## Collected data
Start of Block

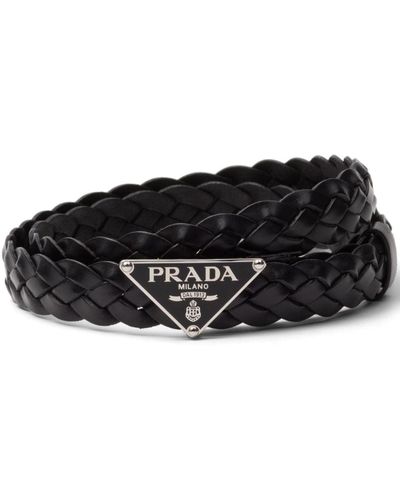 Prada Triangle-Logo Braided Leather Belt - Black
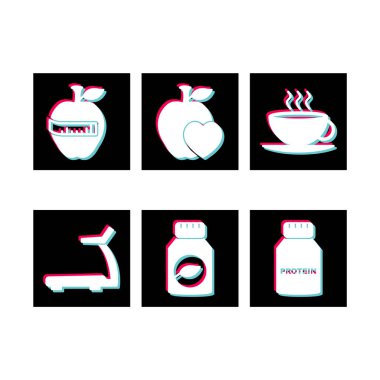 Beyaz Arkaplanda İzole Edilmiş 6 Sağlık Simgesi...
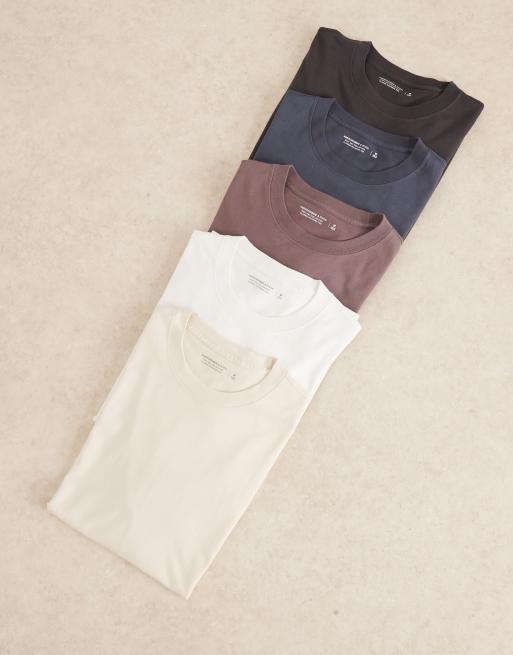 Abercrombie & Fitch - Pakke med 5 klassiske enkle T-shirts med korte ærmer i blå/lilla/naturfarver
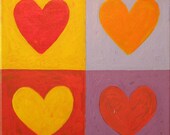 Valentine's Day Painting . "Four Hearts" 12x12in.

End of Block

## About this task
Exactly as written, restate the lines from the one that contains "Abercrombie & Fitch" through the final line of the data, both ends included, but leave out the pictures.

## Solution below
 Abercrombie & Fitch - Pakke med 5 klassiske enkle T-shirts med korte ærmer i blå/lilla/naturfarver
 Valentine's Day Painting . "Four Hearts" 12x12in.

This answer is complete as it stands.